The incident also had a profound effect on many of the roughly 1,400 black students who attend the university’s Norman campus.

“I was shocked they were just doing it openly on the bus, like they were proud of it,” said Jared Scarborough, a junior in construction science who is African-American. “From the chant, you could tell they had done it before. It wasn’t a first-time thing. And it was everybody. And the fist-pumping.”

The Greek letters were removed Monday from the side of the sprawling, sand-colored brick house on a street lined with fraternity and sorority houses just west of the center of campus, and members were ordered to have their belongings removed by midnight Tuesday.

The Oklahoma football team decided to protest rather than practice on Monday.
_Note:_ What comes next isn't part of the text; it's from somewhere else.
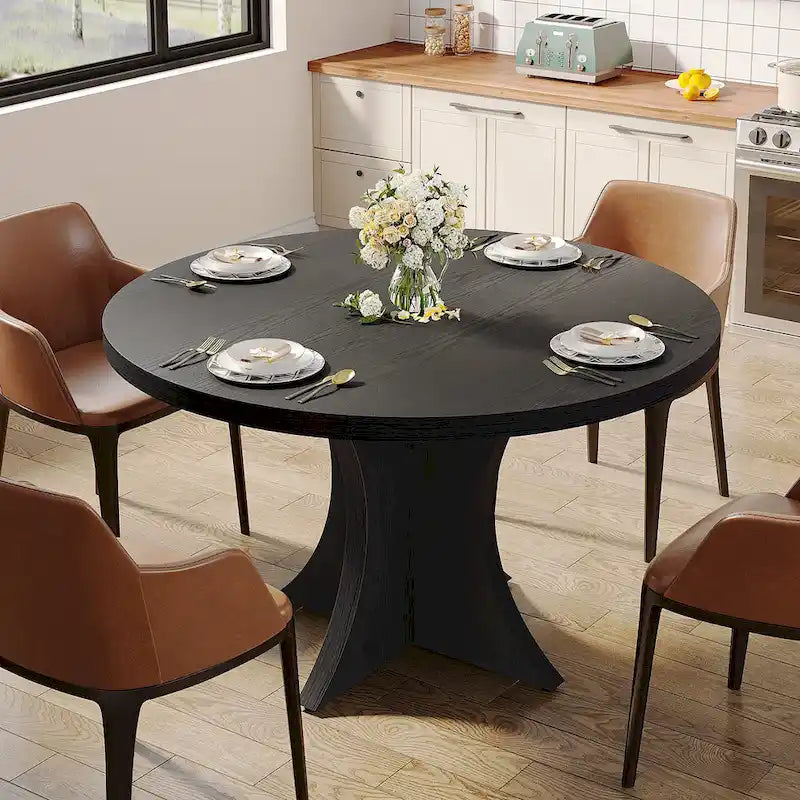 Table de salle à manger ronde pour 4-6 personnes, Table de cuisine noire de 120 cm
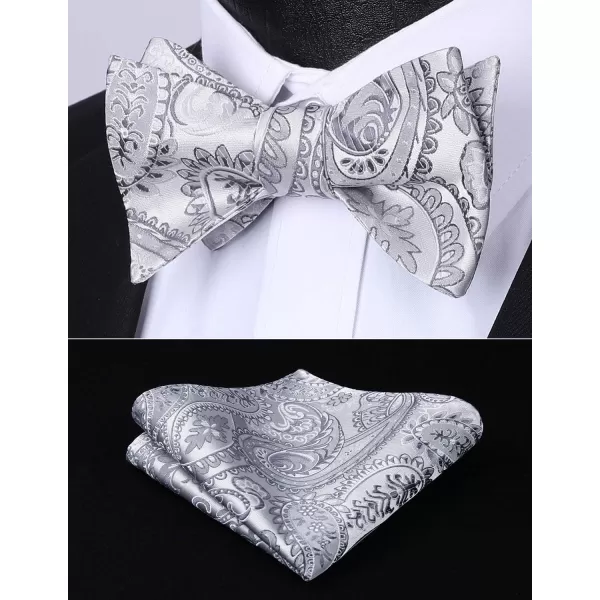 HISDERN Bow Ties for Men Paisley Bowties Mens Self Tie Bow Tie and Pocket Square Set Formal Tuxedo Wedding Bowtie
At the team’s indoor practice facility, coach Bob Stoops led the way as players, joined by athletic director Joe Castiglione, walked arm-in-arm, wearing black.

Boren attended a pre-dawn rally organized by students Monday morning and lambasted those fraternity members as “disgraceful” and called their behavior “reprehensible.”

“This is not who we are,” Boren said at a midday news conference. “I’d be glad if they left. I might even pay the bus fare for them.”

National leaders of Sigma Alpha Epsilon said that its investigation confirmed members took part in the chant and announced it would close the local chapter. The national group said it was “embarrassed” by the “unacceptable and racist” behavior.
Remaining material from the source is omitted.